Re: POC PATCH: copy from ... exceptions to: (was Re: VLDB Features) - Mailing list pgsql-hackers

From torikoshia
Subject Re: POC PATCH: copy from ... exceptions to: (was Re: VLDB Features)
Date
Msg-id e78a86704ab2b2b967f0d674e5a72643@oss.nttdata.com
Whole thread Raw
In response to Re: POC PATCH: copy from ... exceptions to: (was Re: VLDB Features)  (Damir Belyalov <dam.bel07@gmail.com>)
Responses Re: POC PATCH: copy from ... exceptions to: (was Re: VLDB Features)
List pgsql-hackers
On 2022-07-19 21:40, Damir Belyalov wrote:
> Hi!
> 
> Improved my patch by adding block subtransactions.
> The block size is determined by the REPLAY_BUFFER_SIZE parameter.
> I used the idea of a buffer for accumulating tuples in it.
> If we read REPLAY_BUFFER_SIZE rows without errors, the subtransaction
> will be committed.
> If we find an error, the subtransaction will rollback and the buffer
> will be replayed containing tuples.

Thanks for working on this!

I tested 0002-COPY-IGNORE_ERRORS.patch and faced an unexpected behavior.

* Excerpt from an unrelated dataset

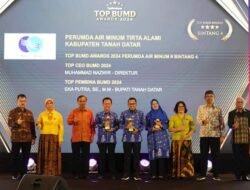Penghargaan TOP BUMD Awards 2024 Diterima Tanah Datar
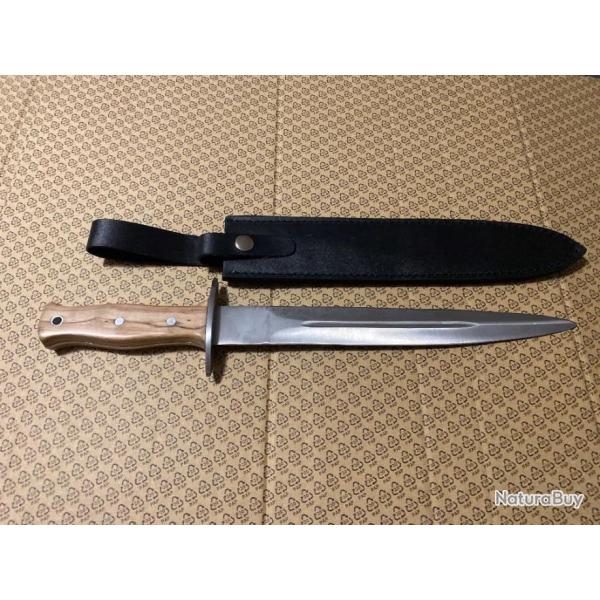 HOUSSE CUIR  POUR DAGUE LAME DE 28 CM  2025   19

I loaded 10000 rows which contained 1 wrong row.
I expected I could see 9999 rows after COPY, but just saw 999 rows.

Since when I changed MAX_BUFFERED_TUPLES from 1000 to other values, the 
number of loaded rows also changed, I imagine MAX_BUFFERED_TUPLES might 
be giving influence of this behavior.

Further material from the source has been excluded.